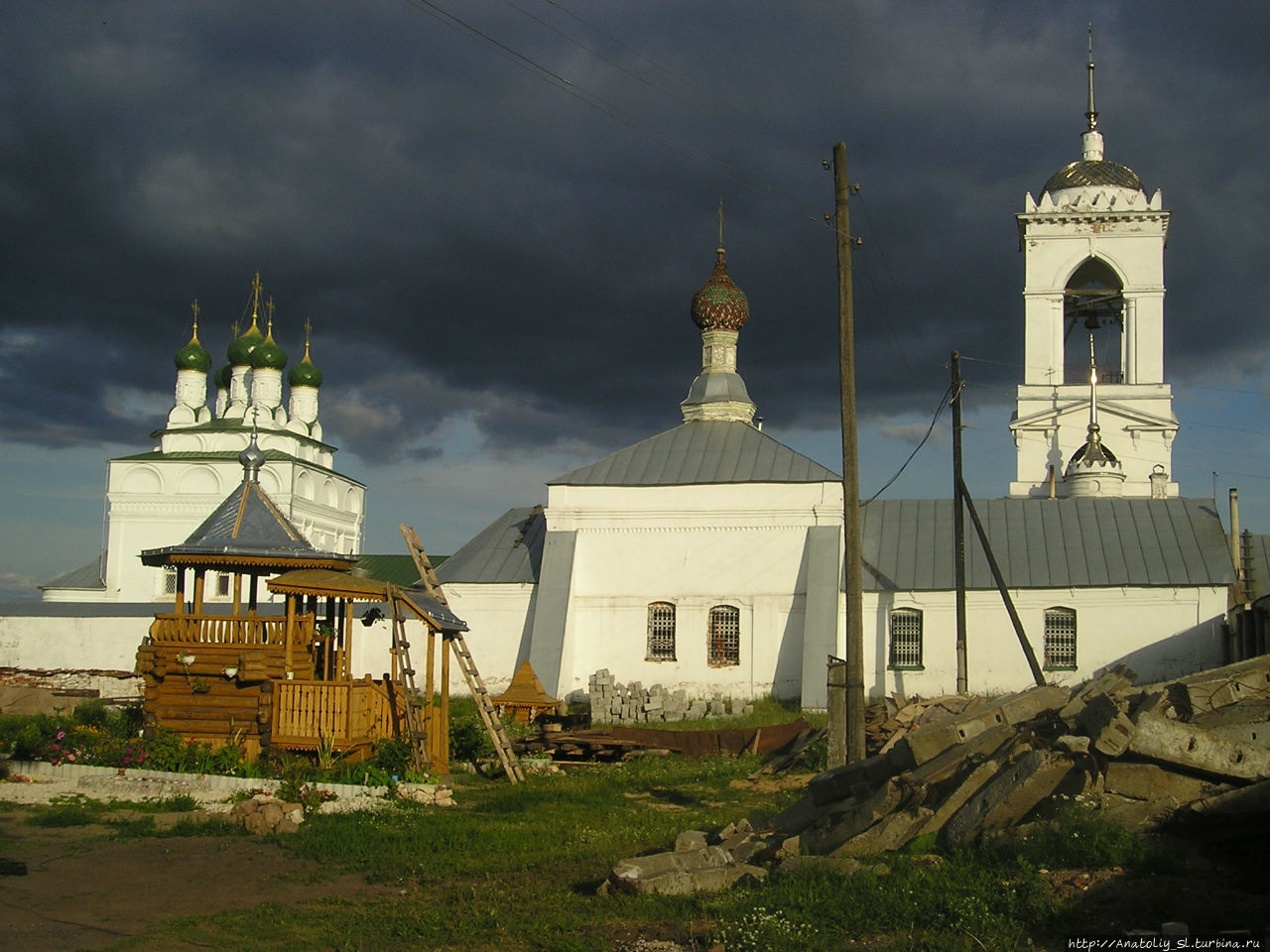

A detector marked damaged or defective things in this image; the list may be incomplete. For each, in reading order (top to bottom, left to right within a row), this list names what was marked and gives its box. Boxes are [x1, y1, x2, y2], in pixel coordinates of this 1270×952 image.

broken concrete slab [1132, 710, 1270, 781]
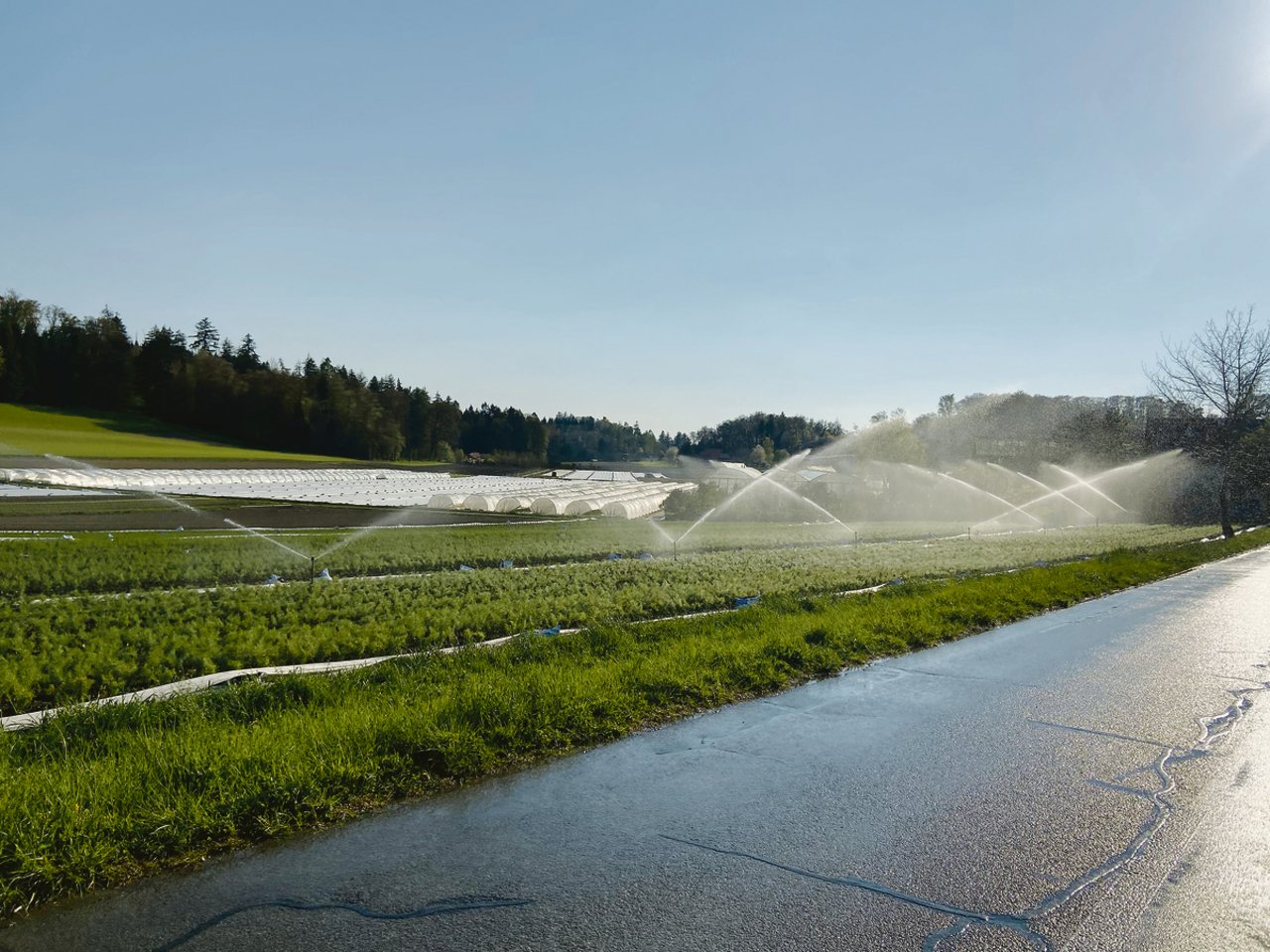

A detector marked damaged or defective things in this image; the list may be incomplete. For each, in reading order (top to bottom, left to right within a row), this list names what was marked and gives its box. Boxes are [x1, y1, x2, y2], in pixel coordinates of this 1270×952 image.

crack in asphalt [148, 893, 531, 952]
crack in asphalt [660, 669, 1264, 952]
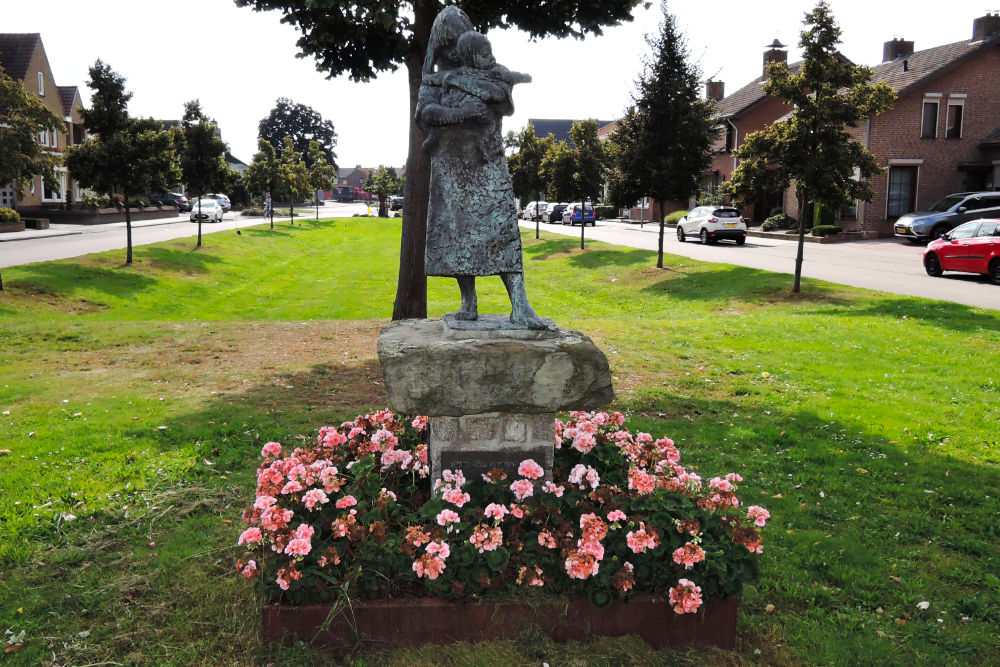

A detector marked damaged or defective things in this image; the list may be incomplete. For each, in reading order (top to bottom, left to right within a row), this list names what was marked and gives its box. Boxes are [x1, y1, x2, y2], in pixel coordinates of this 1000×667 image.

rusted metal planter edge [262, 596, 740, 648]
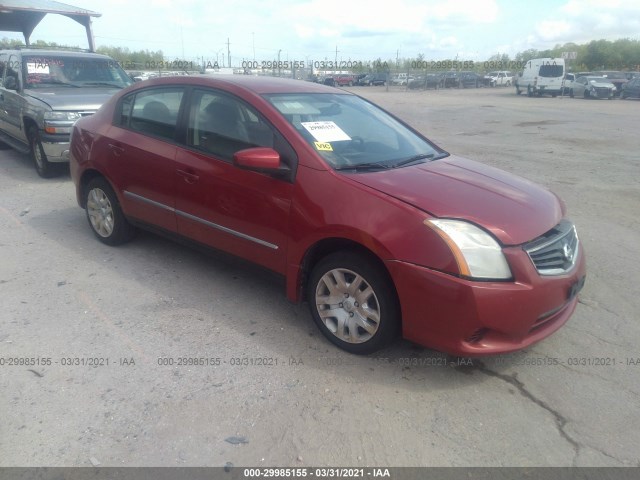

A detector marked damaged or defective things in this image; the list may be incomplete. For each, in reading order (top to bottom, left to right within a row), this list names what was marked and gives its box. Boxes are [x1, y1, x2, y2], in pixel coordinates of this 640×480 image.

cracked pavement [1, 86, 640, 464]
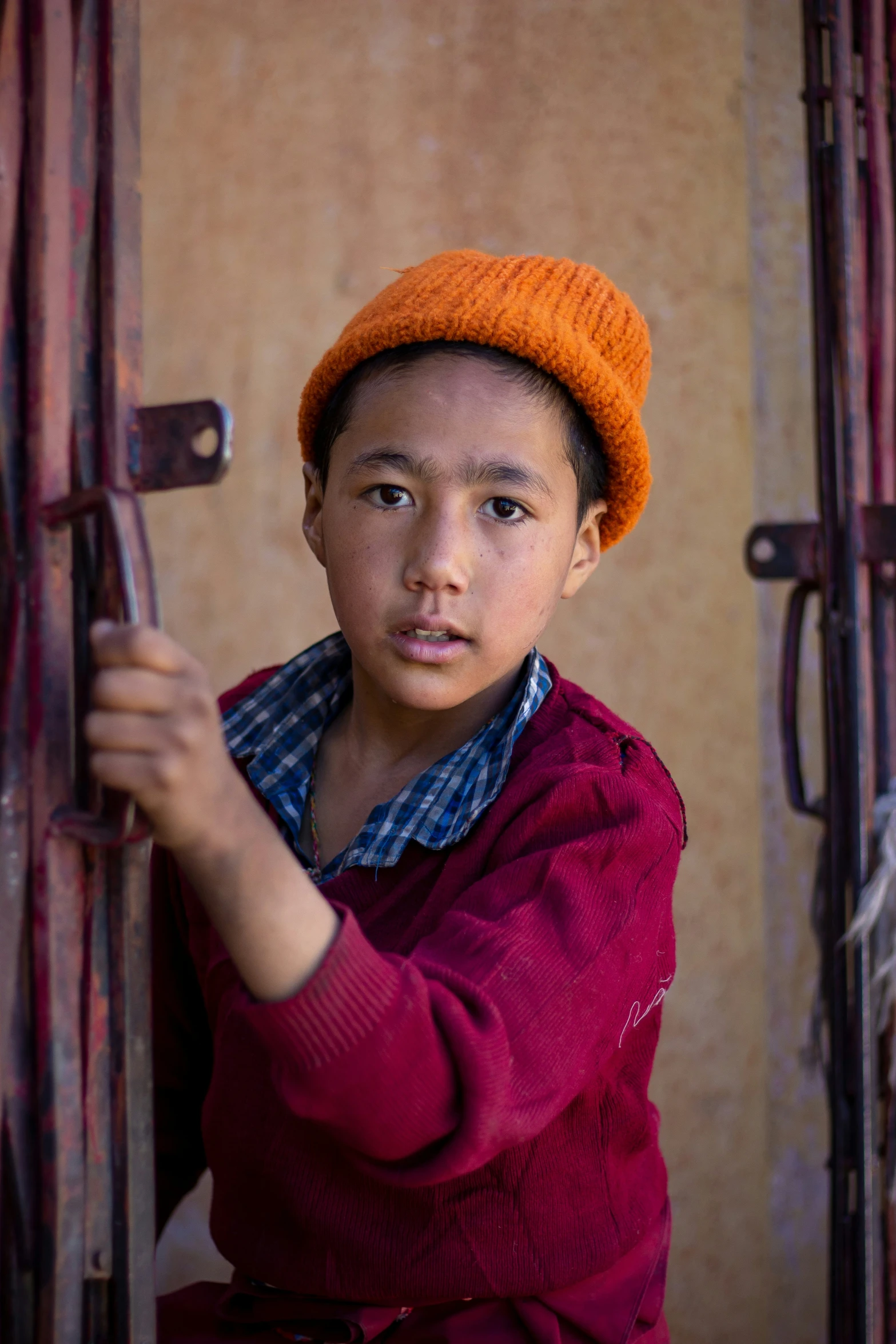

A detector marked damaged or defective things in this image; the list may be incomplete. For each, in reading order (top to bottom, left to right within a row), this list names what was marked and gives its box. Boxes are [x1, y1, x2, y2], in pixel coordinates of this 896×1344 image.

rusty metal gate [2, 5, 231, 1336]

.....

Description of the task
Give the entries back verbatim and omit the images.

Your response
A detector marked damaged or defective things in this image; the list may be incomplete. For each, in reading order (top to bottom, left to right within a row), this list names what was marked and gives its box. Boxes are [x1, y1, x2, y2], in pixel coordinates of this 1270×952 image.

broken concrete slab [1132, 710, 1270, 781]

A detector marked damaged or defective things in this image; the list may be incomplete. For each, in reading order (top to bottom, left to right within a row), this list names what was marked and gives its box. Boxes are [x1, y1, x2, y2], in pixel coordinates of this 1270×952 image.

crack in asphalt [148, 893, 531, 952]
crack in asphalt [660, 669, 1264, 952]

A detector marked damaged or defective things in this image; the list may be incomplete. For each, in reading order (top to bottom, left to right within a row), this list names what was marked and gives its box. Boxes are [x1, y1, x2, y2], in pixel coordinates of this 1000×667 image.

rusted metal planter edge [262, 596, 740, 648]

A detector marked damaged or defective things in this image; the list may be incomplete. For each, in reading order (top to bottom, left to right within a row), this list names what was marked and gives its box. Boxes are [x1, y1, x2, y2], in pixel coordinates of this 640×480 image.

cracked pavement [1, 86, 640, 464]

A detector marked damaged or defective things in this image; the list may be incomplete. For each, in reading order (top to bottom, left to right within a row), this list names what was marked and gives its box. Boxes are [x1, y1, x2, y2], in pixel coordinates of this 896×1344 image.

rusty metal gate [2, 5, 231, 1336]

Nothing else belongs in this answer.